- PROBLEM: From the records below, output exactly the lines starting at the line with "706 E Central" and ending at the line with "A confident adult", both of them included, but no pictures.

== Segment start ==

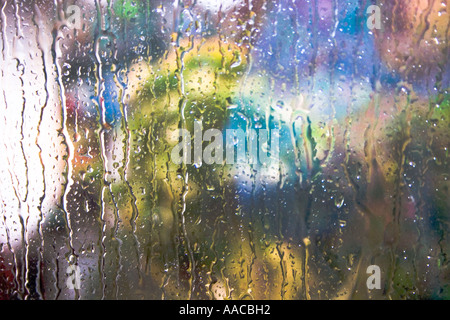 Vue sur un jardin par une fenêtre éclaboussé de pluie Banque D'Images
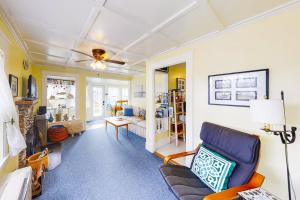 a living room with a couch and a chair at Dog-friendly Fisher Hill home with patio and wood stove - walk to the harbor in Boothbay Harbor
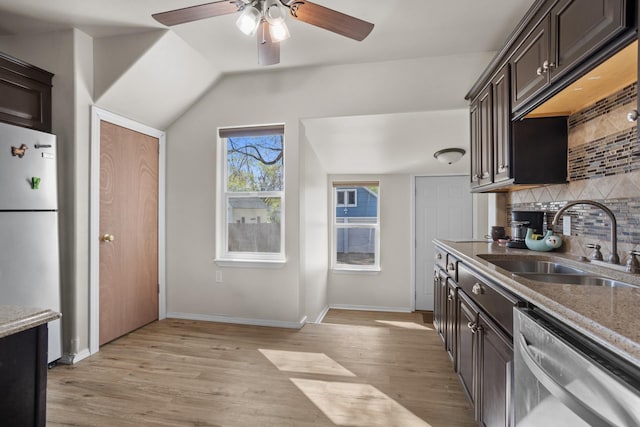 706 E Central Ave, Minot, ND 58701 - kitchen featuring freestanding refrigerator, a sink, stainless steel dishwasher, decorative backsplash, and a ceiling fan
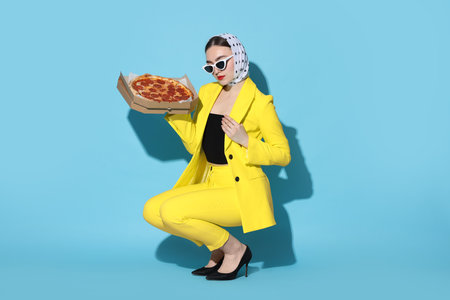 Stylish woman with delicious pizza on light blue backgroundの写真素材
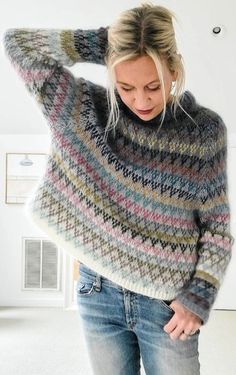 a woman is wearing a multicolored sweater and looking down at her hand on her head
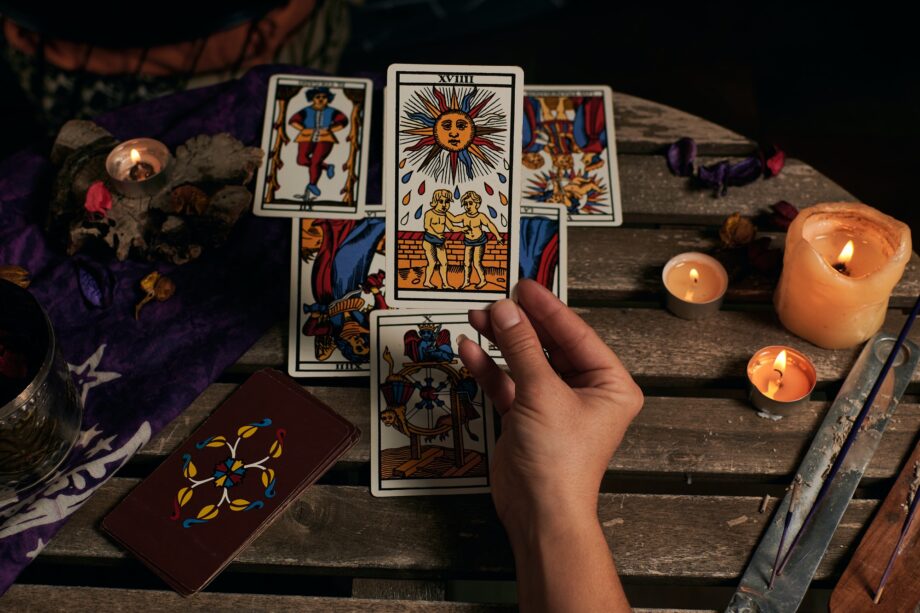 Close-up of a fortune teller reading tarot cards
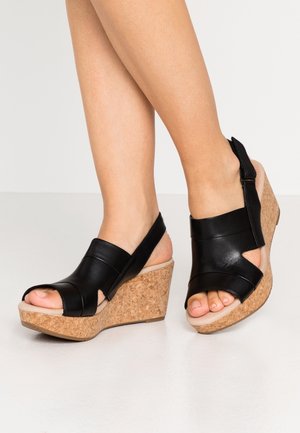Sorte læder kilehælssandaler med korkplatform, åben tå og ankelrem. Har udskæringer på siderne og en glat tekstur.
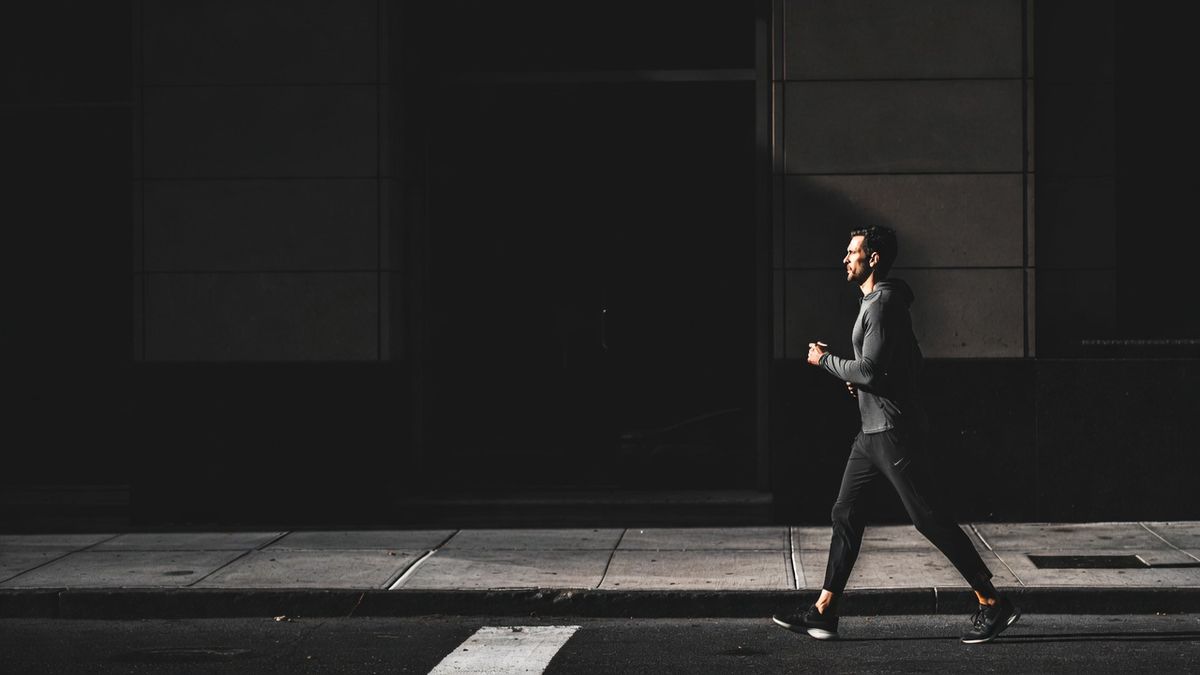 A confident adult mid-stride on a morning street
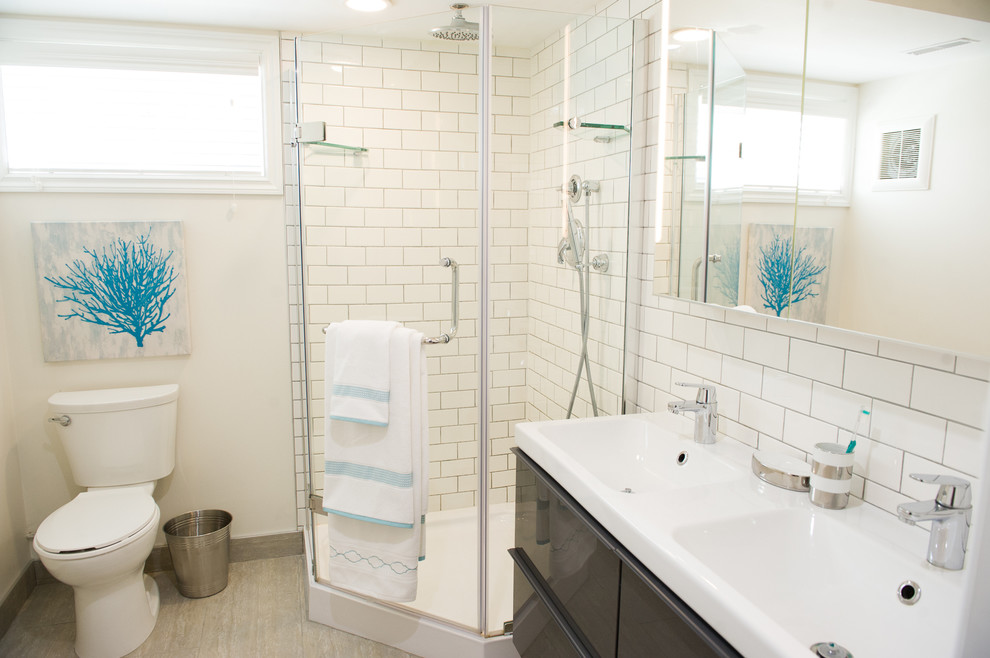 Exempel på ett mellanstort modernt badrum med dusch, med ett integrerad handfat, släta luckor, grå skåp, en hörndusch, en toalettstol med hel cisternkåpa, vit kakel, porslinskakel, vita väggar, klinkergolv i keramik, bänkskiva i kvarts, grått golv och dusch med gångjärnsdörr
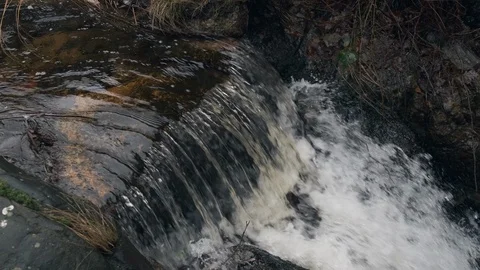 Flowing water stream, waterfall in the fall 4K 60fps Slow motion Stock Footage 100529633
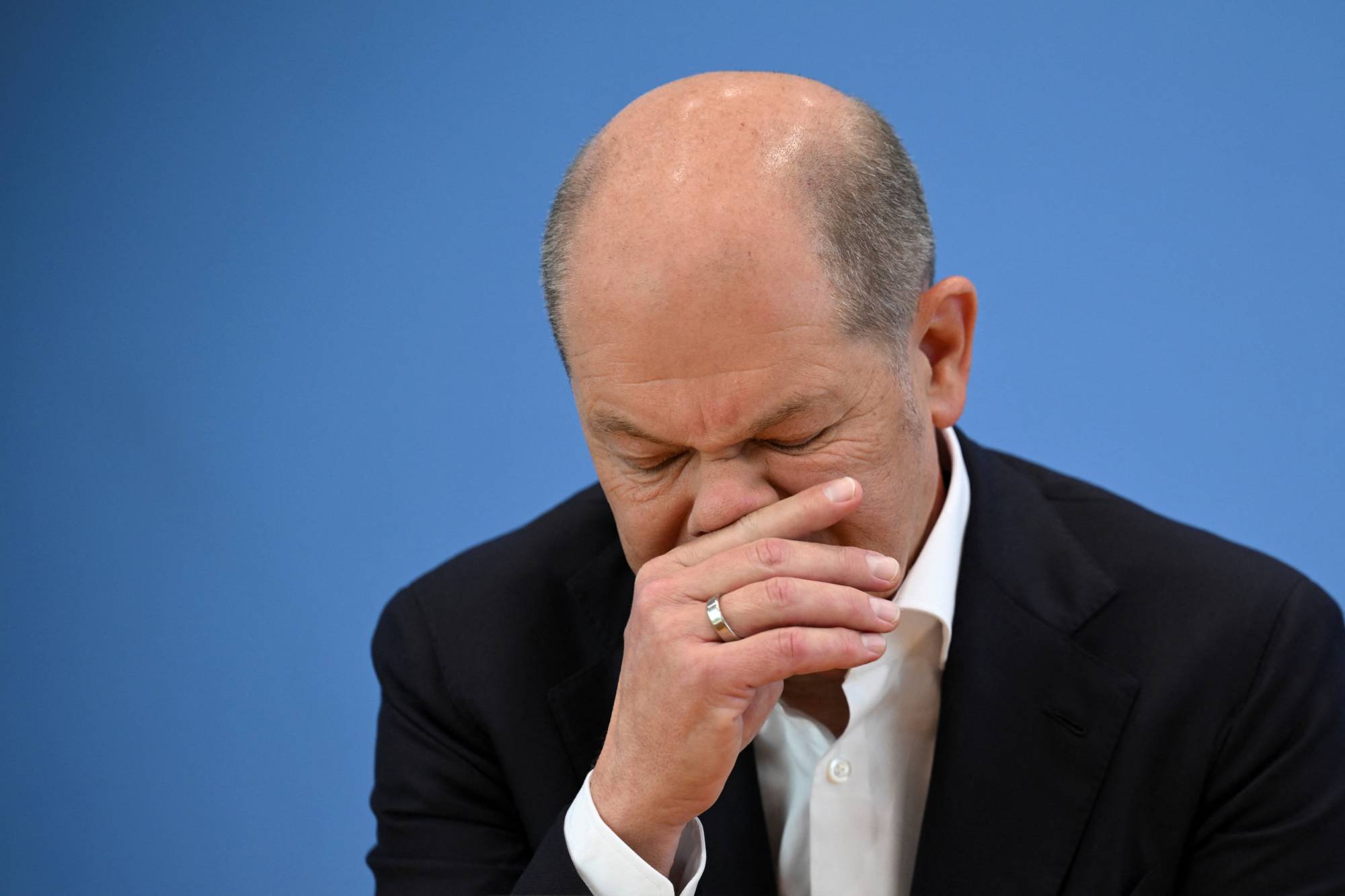 German Chancellor Olaf Scholz holds a news conference in Berlin on Friday. | Reuters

== Segment end ==

- THE COMPLETED TASK:
 706 E Central Ave, Minot, ND 58701 - kitchen featuring freestanding refrigerator, a sink, stainless steel dishwasher, decorative backsplash, and a ceiling fan
 Stylish woman with delicious pizza on light blue backgroundの写真素材
 a woman is wearing a multicolored sweater and looking down at her hand on her head
 Close-up of a fortune teller reading tarot cards
Sorte læder kilehælssandaler med korkplatform, åben tå og ankelrem. Har udskæringer på siderne og en glat tekstur.
 A confident adult mid-stride on a morning street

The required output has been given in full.